Untuk pertanyaan-pertanyaan ini saya dapat memikirkan setidaknya 3 kemungkinan jawaban. Pertama, mungkin jaminan konstitusional atas kebebasan beragama bergantung pada pedoman IATF, sehingga dalam ECQ tidak diperbolehkan mengadakan pertemuan besar, meskipun acara keagamaan, namun kini diperbolehkan di MGCQ. Namun tentu saja hal ini cukup tidak masuk akal karena alasan yang jelas. Kedua, perintah eksekutif – yang seharusnya mengikuti pedoman IATF – yang melarang pertemuan besar yang mencakup acara keagamaan adalah tindakan yang cacat dan oleh karena itu merupakan pelanggaran terhadap hak asasi manusia yang tercantum dalam Konstitusi kita. Jika hal ini terjadi, bukankah para pembela hak asasi manusia harus segera mengajukan masalah ini ke pengadilan? Namun, bahkan dengan kewaspadaan dari para pembela hak asasi manusia, tampaknya tidak ada kekhawatiran yang mendesak mengenai hal ini. Ketiga, penjelasan yang terlalu sederhana bahwa toleransi pemerintah daerah terhadap pertemuan keagamaan dalam jumlah besar hanya sekedar menjamin jaminan konstitusi atas kebebasan mengekspresikan agama adalah hal yang tidak konsisten. Seperti disebutkan sebelumnya, jika hal ini terjadi, lalu mengapa warga lanjut usia dilarang menghadiri misa ini? Jika pertemuan besar-besaran dilarang di ECQ sebelumnya, mengapa tidak sekarang? Bagi saya, pandemi ini mempunyai dampak yang menarik dan pengecualian menjadi hal yang lazim.
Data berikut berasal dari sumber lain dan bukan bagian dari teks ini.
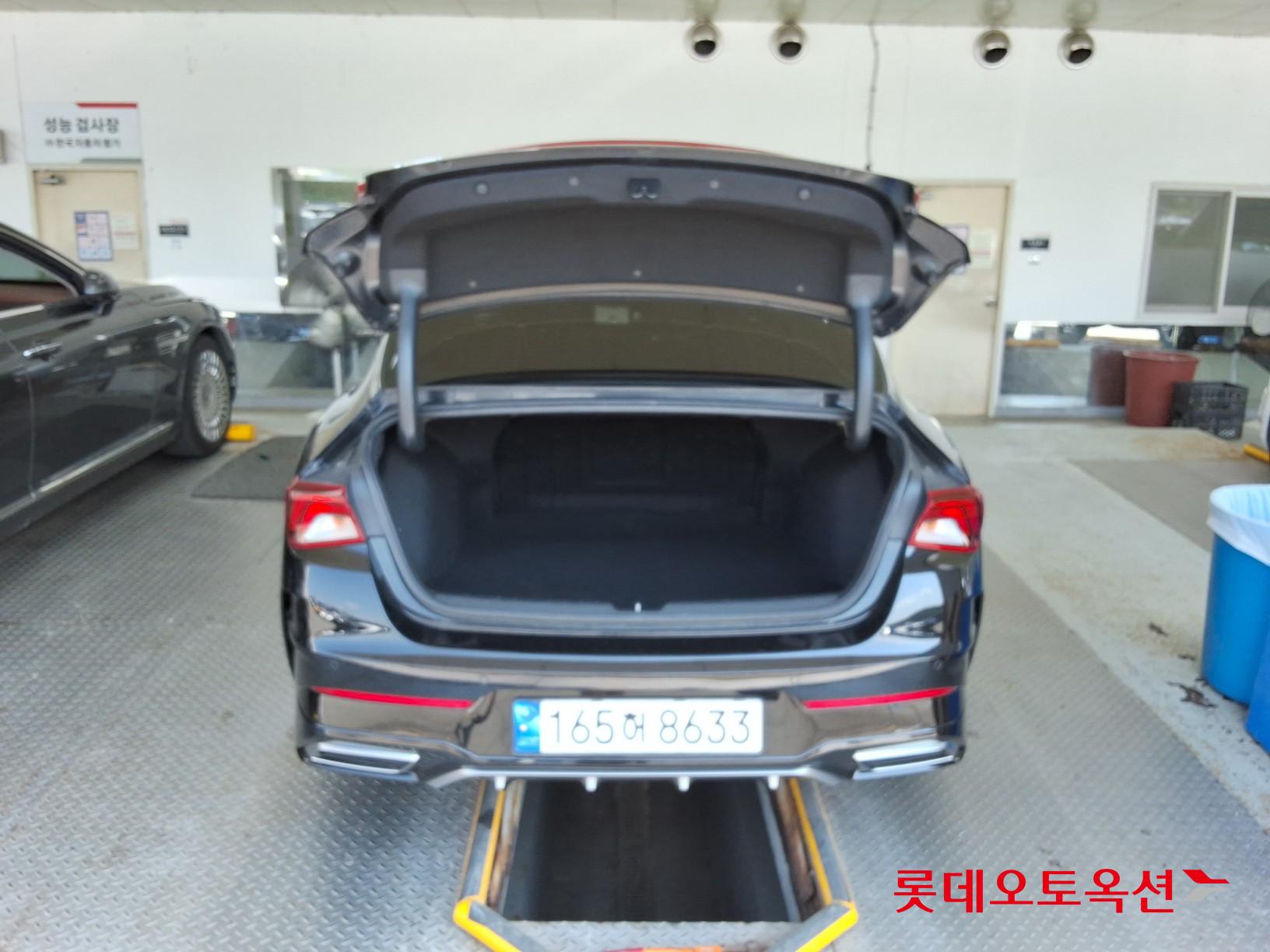 2022 - kia k5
Pada akhirnya, seseorang tidak bisa tidak memikirkan sebuah aliansi tidak suci yang mengaburkan perbedaan antara yang sakral dan yang profan. Yang pertama mensyaratkan yang kedua untuk berdiri sendiri untuk sementara waktu, dan yang kedua mensyaratkan yang pertama untuk menjamin legitimasinya. Kebetulan antara keduanya mengingatkan saya pada kata-kata filsuf Italia Giorgio Agamben: “Kapitalisme dengan demikian adalah sebuah agama di mana iman – kredit – menggantikan Tuhan. Dengan kata lain, karena bentuk kredit yang paling murni adalah uang, maka ini adalah agama yang Tuhannya adalah uang.” – Rappler.com

Daryl Y. Mendoza adalah anggota fakultas di Departemen Filsafat, Universitas San Carlos.